BEGIN Stored data

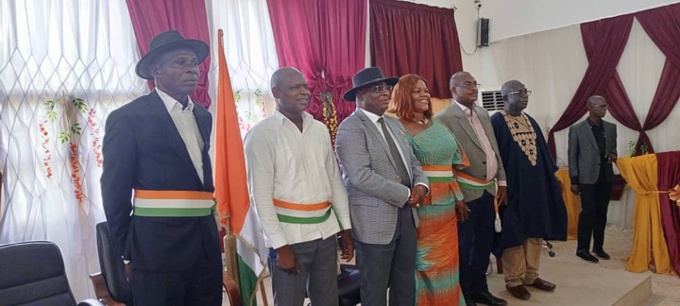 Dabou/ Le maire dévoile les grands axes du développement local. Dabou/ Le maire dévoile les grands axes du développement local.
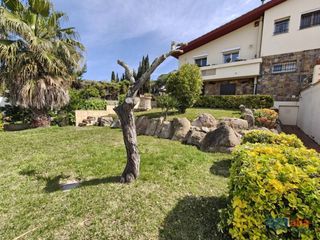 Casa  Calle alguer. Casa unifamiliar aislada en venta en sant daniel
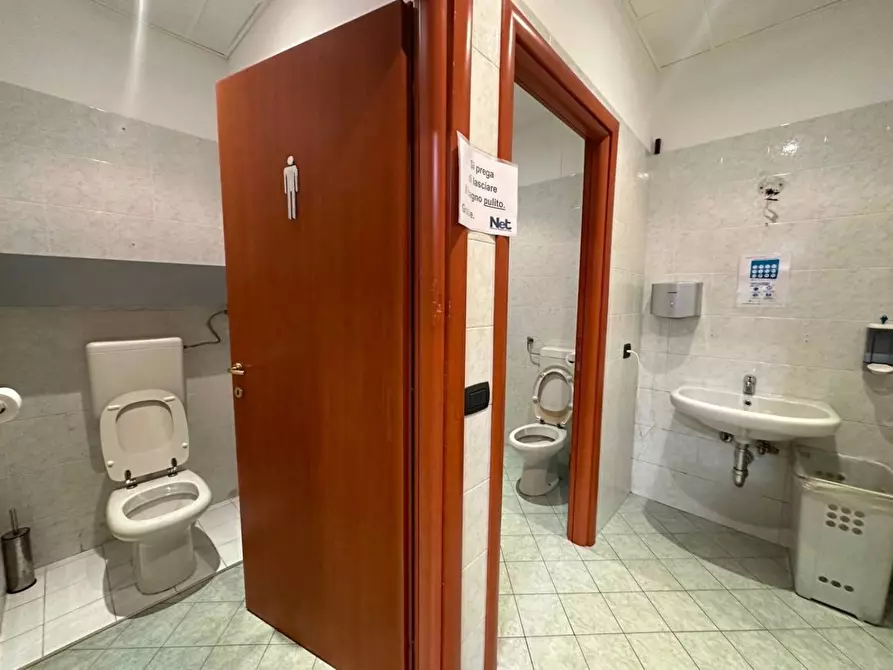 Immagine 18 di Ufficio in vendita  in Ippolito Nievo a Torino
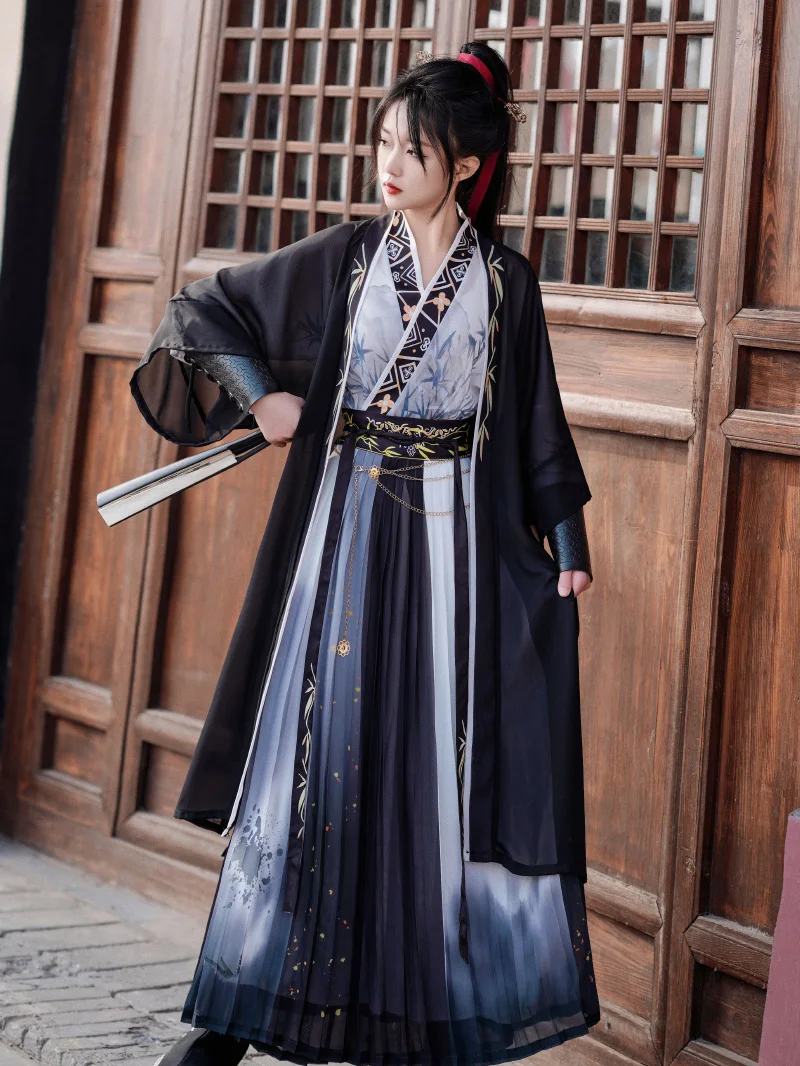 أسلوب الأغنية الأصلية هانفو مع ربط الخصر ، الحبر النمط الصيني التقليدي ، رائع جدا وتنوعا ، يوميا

END Stored data

Exactly repeat only the lines from the one with "en sant daniel" to the closing line above, both included, and omit every picture.

#### Response for this exercise
 Casa  Calle alguer. Casa unifamiliar aislada en venta en sant daniel
 Immagine 18 di Ufficio in vendita  in Ippolito Nievo a Torino
 أسلوب الأغنية الأصلية هانفو مع ربط الخصر ، الحبر النمط الصيني التقليدي ، رائع جدا وتنوعا ، يوميا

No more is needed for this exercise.